I have a matrix struct on C# with the multiplications operations implemented without using SSE intrinsics. As I don't have access to the code at this very moment, I'll try to specify details as much as I can rather than copy/pasting the definition. I can edit the post in the morning to include relevant definitions if need be.
The struct has 16 floats defined as M11, M12, M13, ..., M43, M44' with the sequential layout specified: [StructLayout(LayoutKind.Sequential)]
The C++ function is declared with the attribute specification
[DllImport("cppCode.dll", EntryPoint = "MatrixMultiply", CallingConvention = CallingConvention::Cdecl]
I'm trying to make a call to a C++ function using P/Invoke for optimizing the multiplications. My question is about passing the parameters. As mentioned on MSDN, the cost is 10 to 30 cycles of CPU + marshalling if the type passed is not blittable.

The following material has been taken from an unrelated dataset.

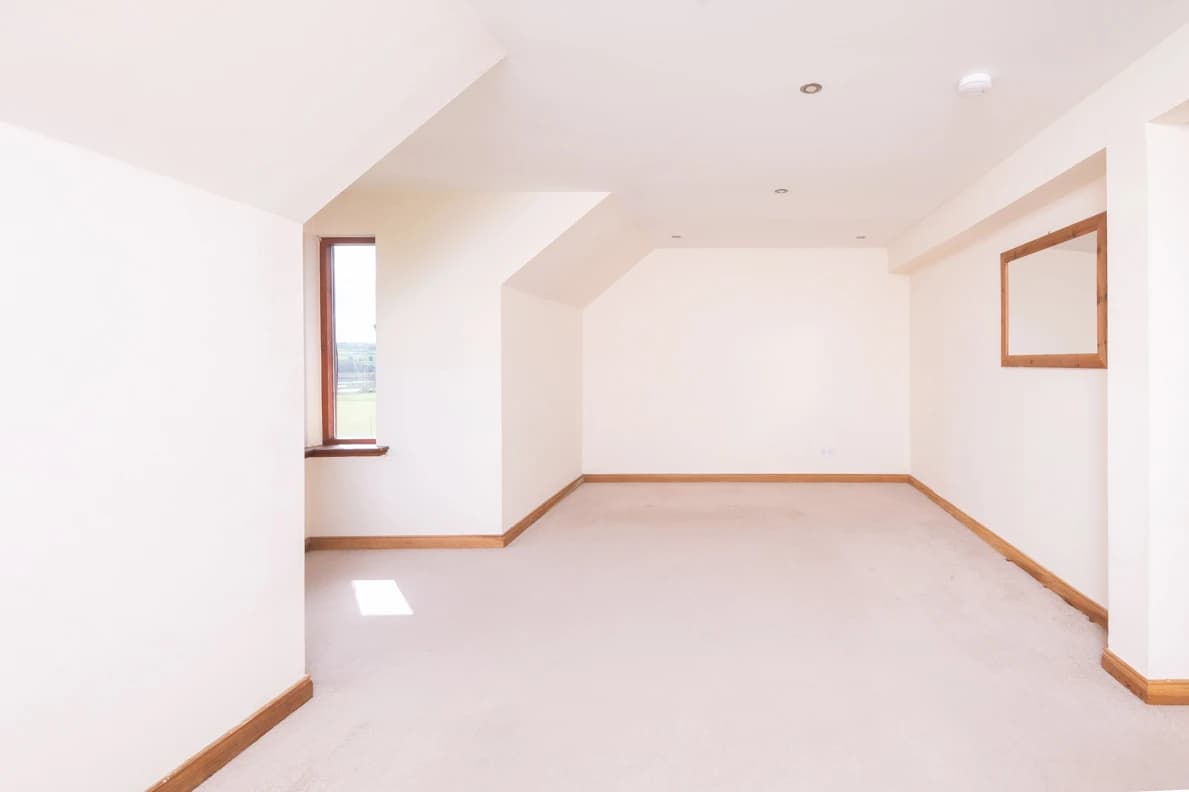 property photo 2 of 27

The function call on C# looks like
MatrixMultiply(ref matrix1, ref matrix2, out matrix_out);
and the C++ counterpart receives them with mat*, with mat being the matching C++ struct with 4x vec4s.
static extern void MatrixMultiply(mat* m1, mat* m2, mat* out) { *out = *m1 * *m2; }
When the calculations are profiled, the gain is quite minimal - a microsecond or two - on the average case. However, the worst case became worse, from 150us with C# multiplication to 400us with C++ multiplication, which leads me to think that the overhead for calling a function from the exported dll almost eliminates the gain from SSE instructions.
As I have limited familiarity with C#, I can't tell for sure what's going on. Am I doing something wrong? Is there a faster approach for C#/C++ communication in this particular case?